PREPARE THE FROSTING:
- Beat the cream cheese and butter at medium speed with an electric mixer until smooth. Gradually add the powdered sugar and vanilla, beating until smooth. Spread evenly on top of the cheesecake. Garnish, if desired. Keep refrigerated until ready to serve.
Video
Notes
- You may sub 1 1/ cups chocolate graham cracker crumbs (or regular graham cracker crumbs) for the crushed Oreos.
- If your cheesecake cracks, don't worry! You'll be covered the top of it with frosting, and no one will know.

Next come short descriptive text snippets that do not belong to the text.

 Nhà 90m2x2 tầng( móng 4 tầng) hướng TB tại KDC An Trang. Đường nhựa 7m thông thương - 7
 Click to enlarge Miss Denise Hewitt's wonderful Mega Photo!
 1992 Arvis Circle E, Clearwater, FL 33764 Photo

- Some readers have indicated that there is far too much frosting for this recipe. I personally like a lot of frosting, so you can see a thick layer of frosting in the photograph. If you're not big on frosting, you can leave it off entirely or cut the frosting recipe in half.
I am looking for your Red velvet cheesecake cake..It is not just a cheesecake and ir is not a cheesecake per say. Thank you!

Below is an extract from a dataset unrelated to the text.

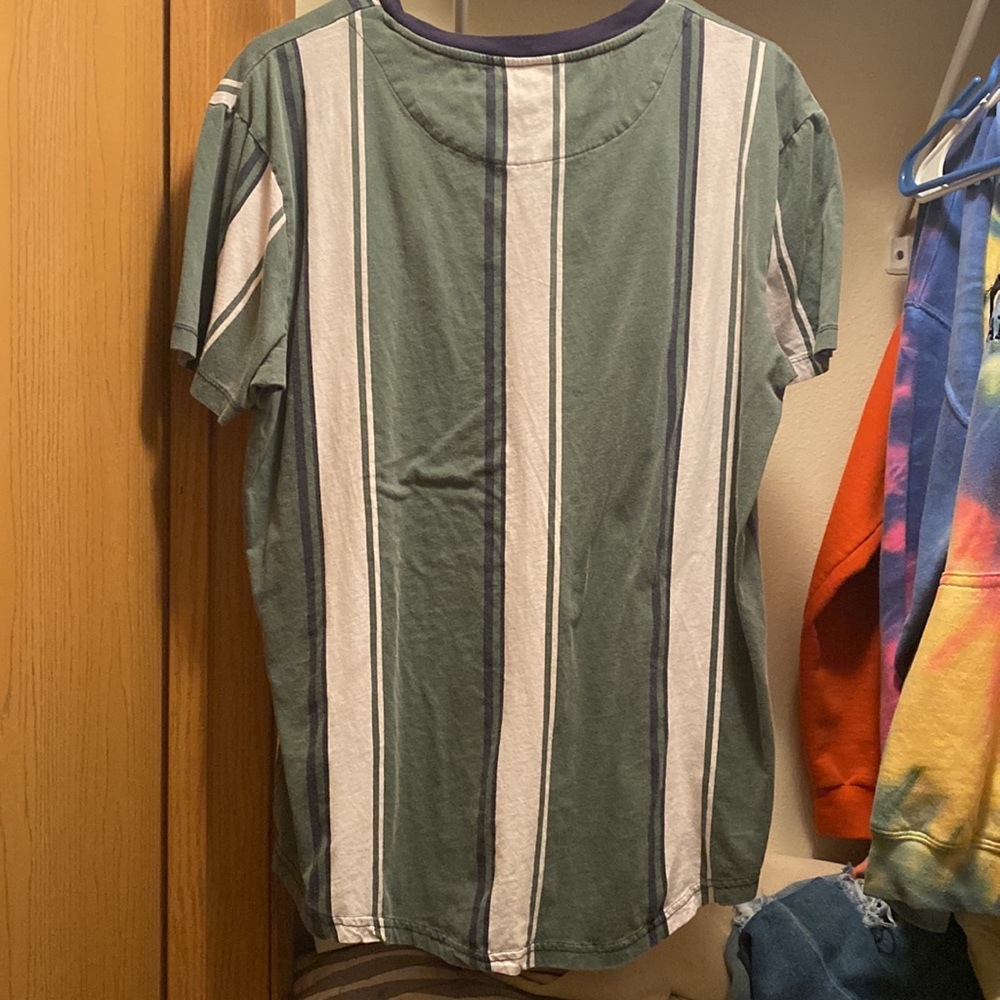 Large Aeropostale Tee - Picture 2 of 2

Did you find it? You can always use the search on my site. Here it is! https://www.recipegirl.com/red-velvet-cheesecake-cake/
Hi. Are there any natural red food colorings you’d recommend that won’t affect flavor too much? Thanks!
I’m not super familiar with natural flavorings for red velvet. I know some people use beet juice, so you might be able to Google to find out more about that.
I made this as a thank you gift for my neighbors. I also made a small one for us at home. This cheesecake is AMAZING and was loved by all. I used the water bath on the shelf under the cheesecake method. Thank you for this recipe! I wanted to post a picture, but can’t see how to.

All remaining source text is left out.